→ COLLECTED DATA
+ + + + + + +
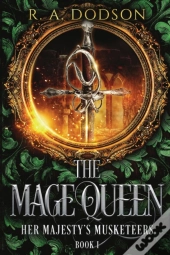 The Mage Queen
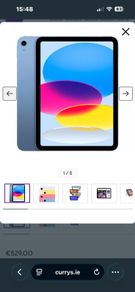 ipad 11 new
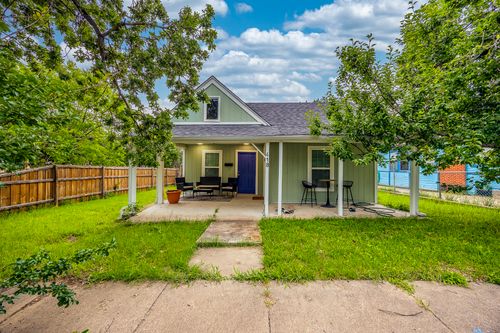 418 Lansing St, Dallas, TX, 75203-1710 | Card Image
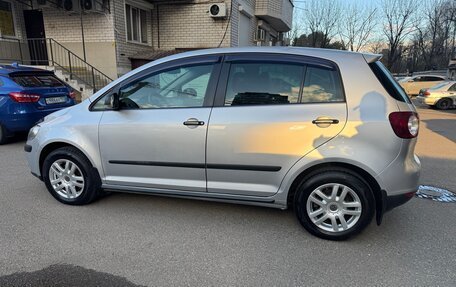 Volkswagen Golf Plus I, 2008 год, 670 000 рублей, 6 фотография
+ + + + + + +
→ TASK STATEMENT
One exact copy of the data is required, and it should hold no pictures.

→ SOLUTION FOR THIS TASK
 The Mage Queen
 ipad 11 new
 418 Lansing St, Dallas, TX, 75203-1710 | Card Image
 Volkswagen Golf Plus I, 2008 год, 670 000 рублей, 6 фотография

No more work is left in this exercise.